Cette année et pour la troisième fois, Charles programme le Parcours Chanson du festival Avec le Temps pour la coopérative Grand Bonheur, avec une volonté marquée de représenter la scène marseillaise francophone, tous styles confondus. Ainsi, ce sont neuf concerts qui sont prévus du 3 au 18 mars, avec en temps fort une journée dédiée à ce parcours (cette année prévue le 11 mars) et une véritable pérégrination musicale au bon goût de festival. Une succession de concerts gratuits dans divers lieux originellement non dédiés à la diffusion musicale : l’artiste pop Antonin Appaix le 3 mars à la bibliothèque de Bonneveine, Deli Teli et (le retour de) Wilko & Ndy respectivement à la bibliothèque du Merlan et à celle de Salim-Hatubou le 4, Neñia Ira à l’Alcazar le 11, le label Bonnie’s House à la Brasserie Communale le soir même, Czesare à la Fabulerie le 15 mars, Huckleburry Finn Junior à la Bibliothèque Saint-André le 18… Une photographie large et fidèle des lieux et artistes qui font la culture actuelle de la ville et de la région.

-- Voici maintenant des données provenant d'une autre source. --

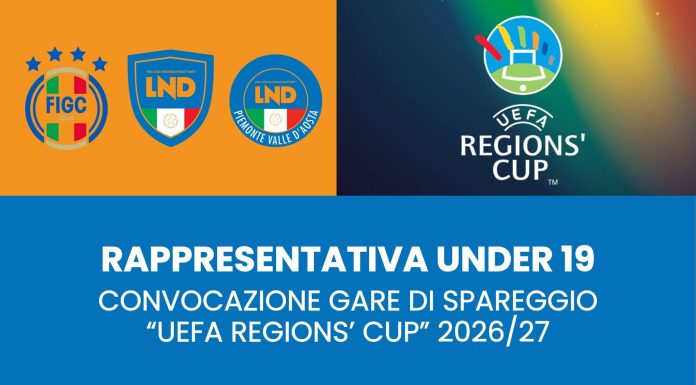 Rappresentativa Regionale Under 19 – Convocazione per lo spareggio Uefa Regions’ cup 2025 – PIEMONTE VALLE D’AOSTA – FRIULI VENEZIA GIULIA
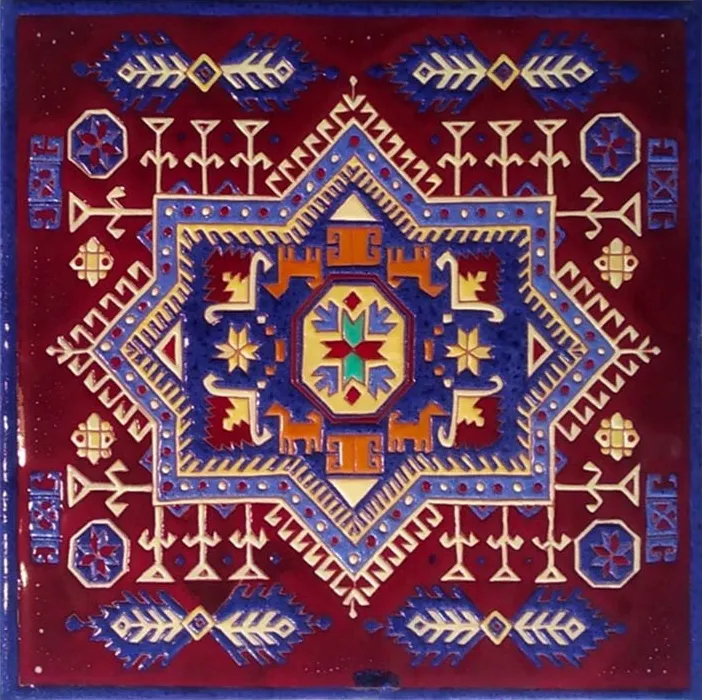 Mane Tiles – D-00186 R (30×30) 3D Model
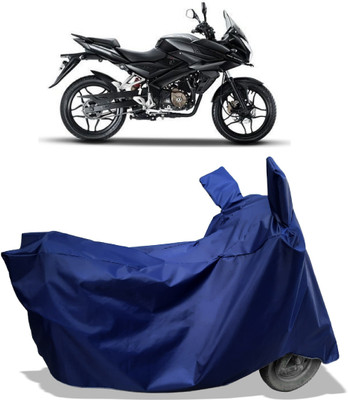 Amexride Two Wheeler Cover for Bajaj(Pulsar AS 150, Blue)
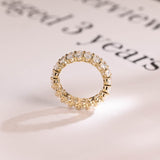 Stunning 0.5 TCW Oval Moissanite Stones Full Eternity Wedding Band 10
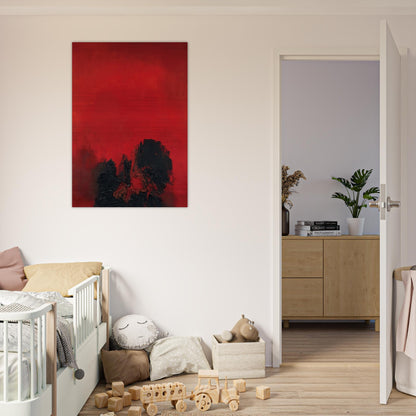 UNTITLED 1961 - Luis Feito Brushed Aluminum Print - 70x100 cm / 28x40 inches | Luis Feito Aluminum Print | Luis Feito Prints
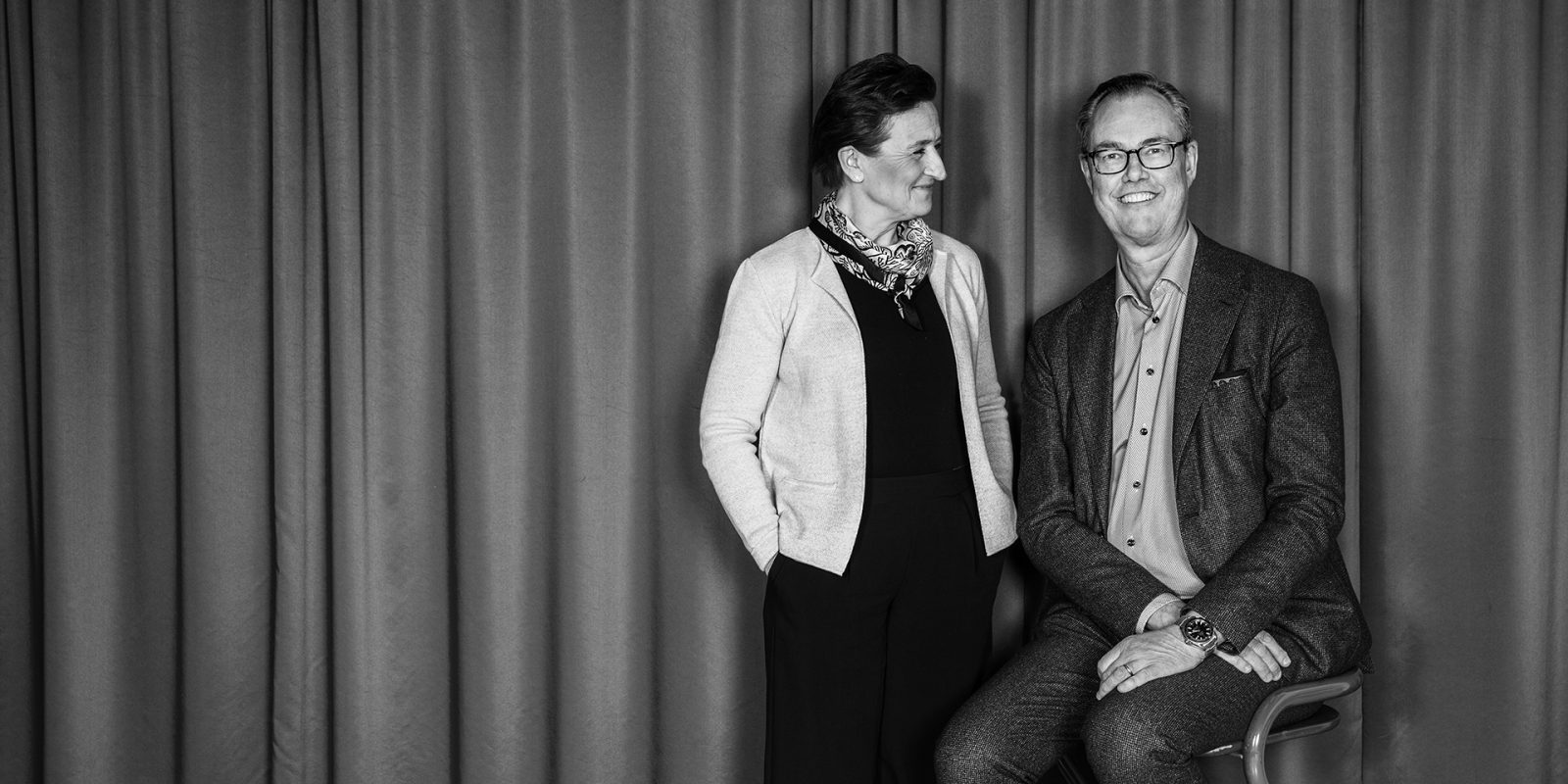 Monica Lingegård och Per Strömberg, VD för ICA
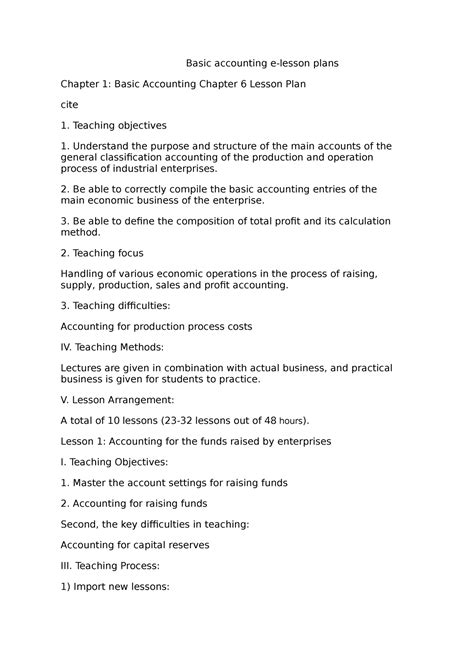 Image result for Basic Accounting Lesson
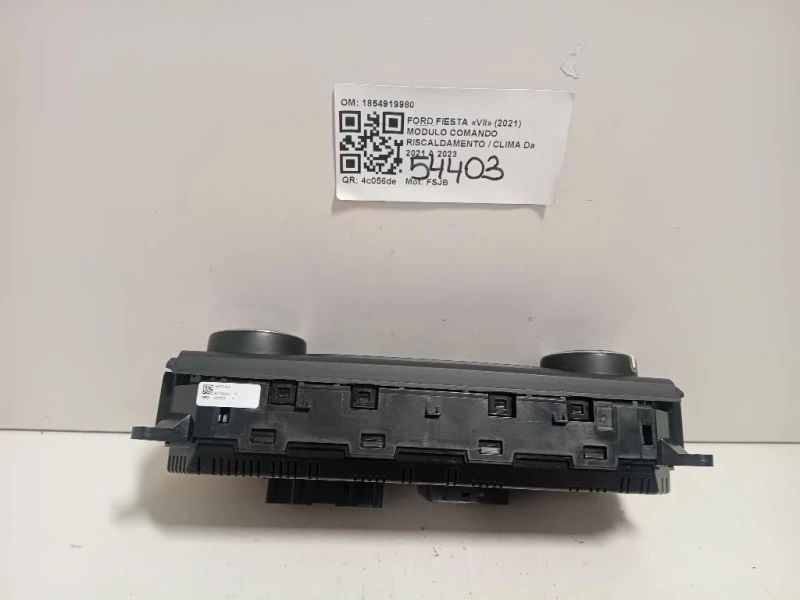 Modulo Comando Riscaldamento Clima 1854919980 Ford Fiesta VII 2021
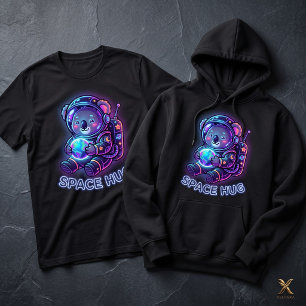 Cute Space Koala Astronaut Glowing Galaxy Hoodie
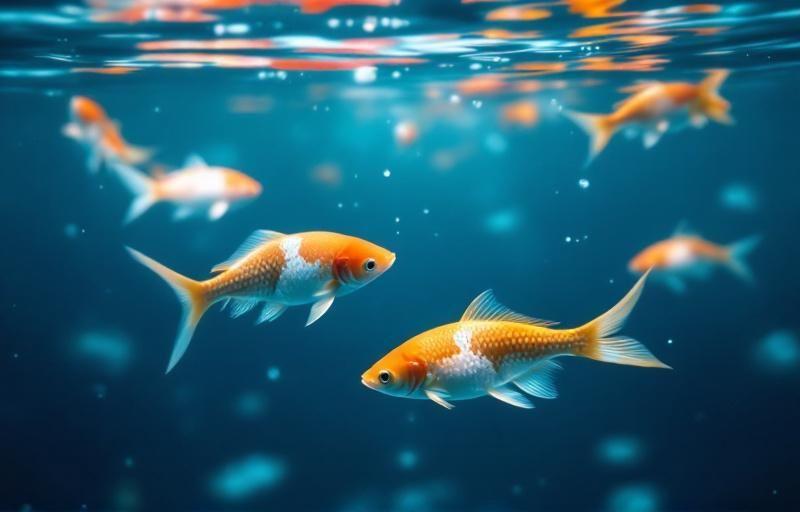 Sennik: ryby pływające w wodzie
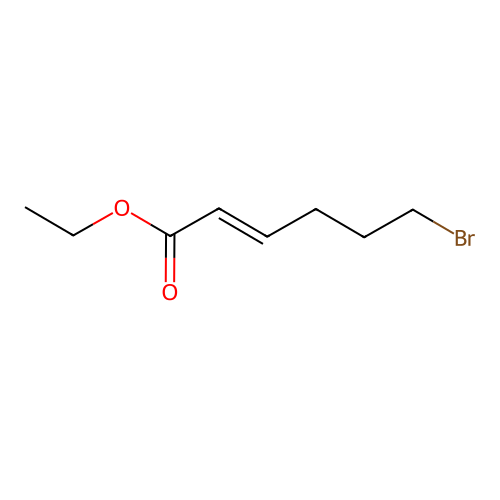 Ethyl (2E)-6-bromohex-2-enoate structure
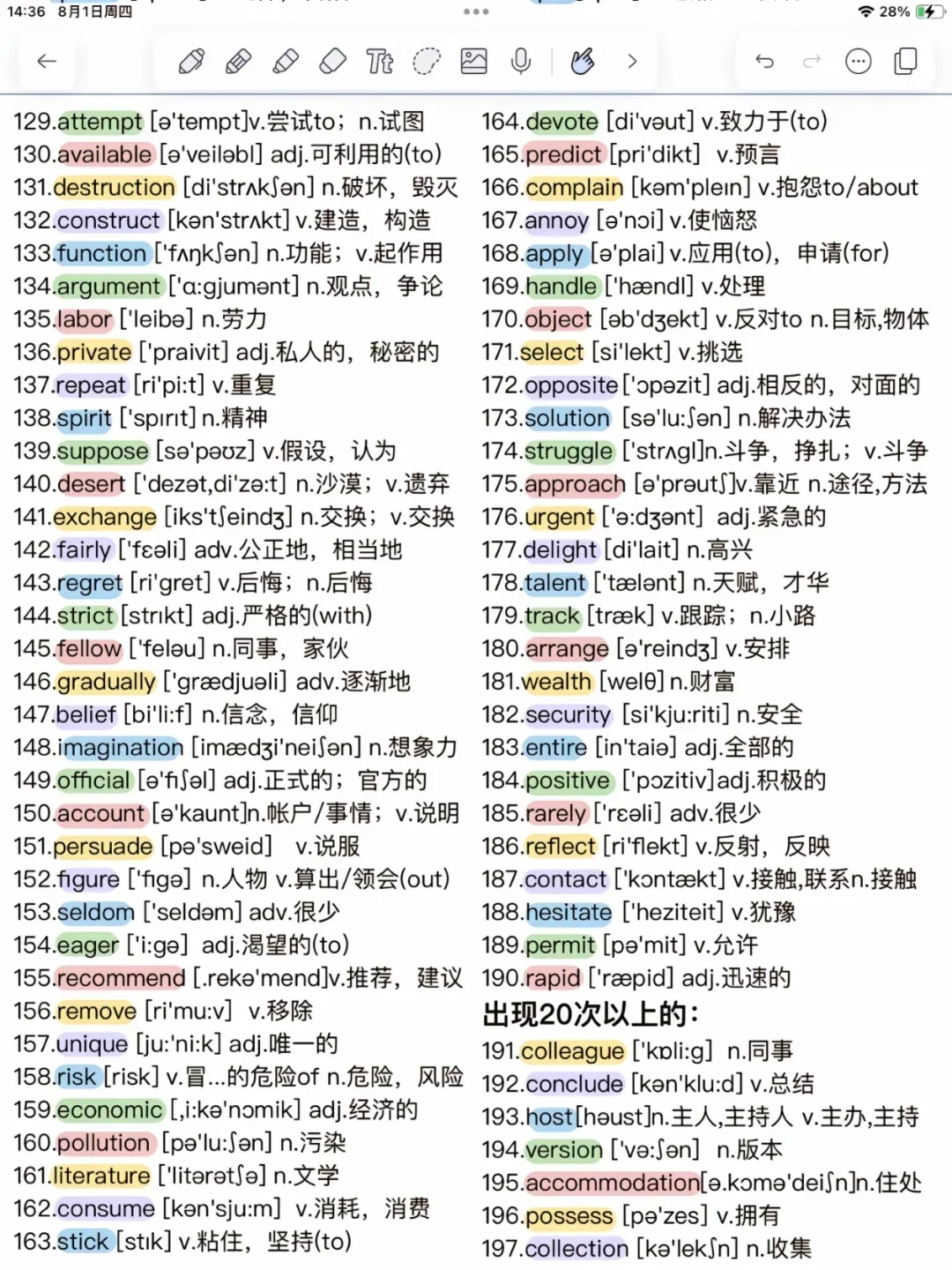 中考英语高频词688个！（2025）-第5张图片-四季读书网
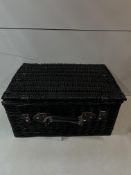 Pallet of Medium Black Gift Wicker Baskets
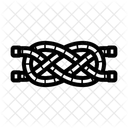 Carrick Bend Nautico Icono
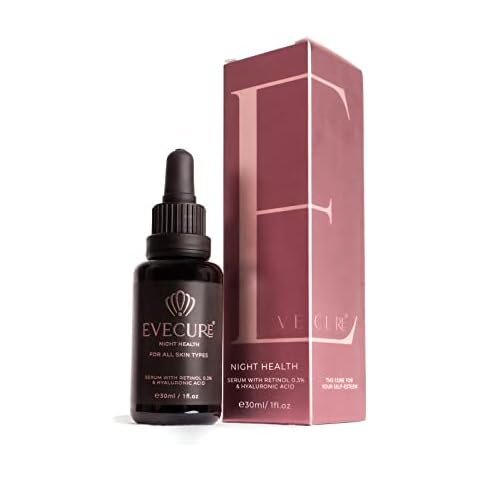 Sérum Facial Noche Evecure 0,3% Retinol y Ácido Hialurónico Cover
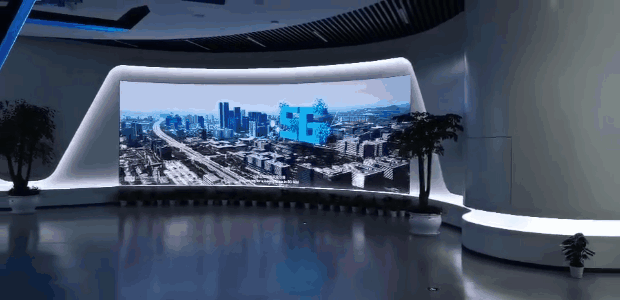 强力巨彩完美点亮中国5G创新园，助力中国5G加速度！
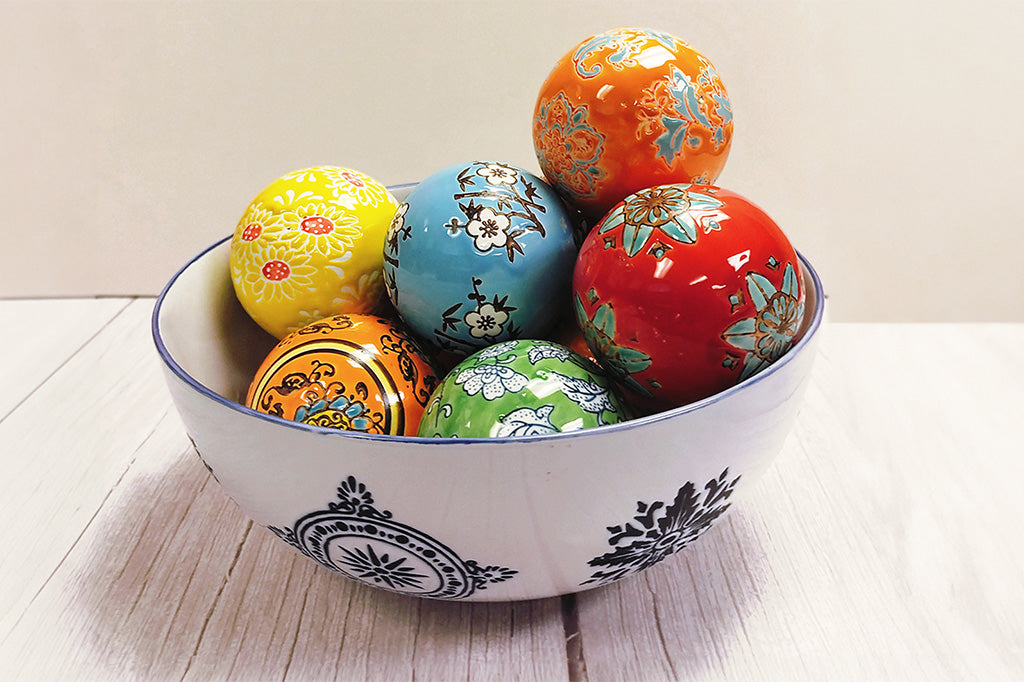 Costazul 10" Bowl holding ceramic balls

Tel un miroir, Charles Sinz se mue en Since Charles, l’artiste pop local montant, lui-même programmé dans le « in » du festival (le 16 mars). Il a très récemment sorti le titre Des nuits de ça, annonciateur de son deuxième EP Portamento, qui sortira le 10 mars prochain. Une période intense pour l’artiste à double casquette.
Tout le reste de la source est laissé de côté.